Android ARM64: xtensor auto Deduction Fails in Release Build - Expression Template Optimization Bug
On Android arm64-v8a,
template <typename T> xt::xtensor<T, 2> logSoftmax(const xt::xtensor<T, 2> &matrix) { xt::xtensor<T, 2> maxVals = xt::amax(matrix, {1}, xt::keep_dims); auto shifted = matrix - maxVals; auto expVals = xt::exp(shifted); auto sumExp = xt::sum(expVals, {1}, xt::keep_dims); return shifted - xt::log(sumExp); }
logSoftmax() cannot produce right results, sometimes crashes.

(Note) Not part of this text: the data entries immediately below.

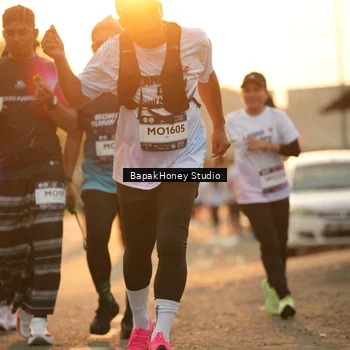 Runner Photo 7678472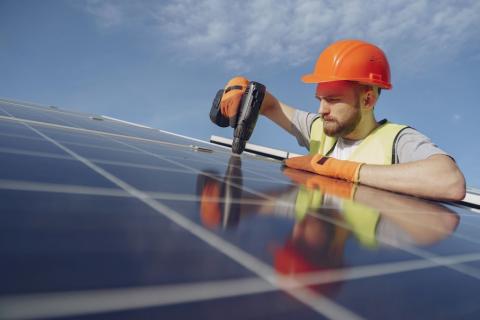 Solaranlage selbst installieren – Das müssen Sie wissen | Klimaworld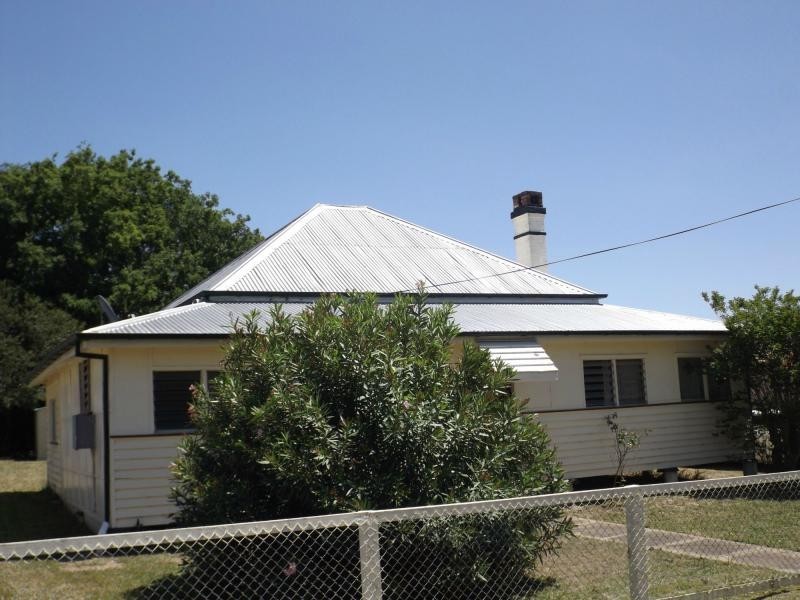 31 Acacia Avenue, Warwick QLD 4370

template <typename T> xt::xtensor<T, 2> logSoftmax2(const xt::xtensor<T, 2> &matrix) { xt::xtensor<T, 2> maxVals = xt::amax(matrix, {1}, xt::keep_dims); xt::xtensor<T, 2> shifted = matrix - maxVals; xt::xtensor<T, 2> expVals = xt::exp(shifted); xt::xtensor<T, 2> sumExp = xt::sum(expVals, {1}, xt::keep_dims); return shifted - xt::log(sumExp); }
but logSoftmax2() works properly.
CMakeLists.txt
...
add_library(dp dp.cpp)
target_link_libraries(dp PRIVATE
xtensor xtensor::optimize xtensor::use_xsimd xtensor-blas BLAS::BLAS)
if(ANDROID)
target_link_options(dp PUBLIC -Wl,-z,max-page-size=16384)
else()
target_compile_options(dp PUBLIC -march=native)
endif()
...built with -DCMAKE_BUILD_TYPE=Release.
Note: when built with -DCMAKE_BUILD_TYPE=RelWithDebInfo, logSoftmax() works properly too.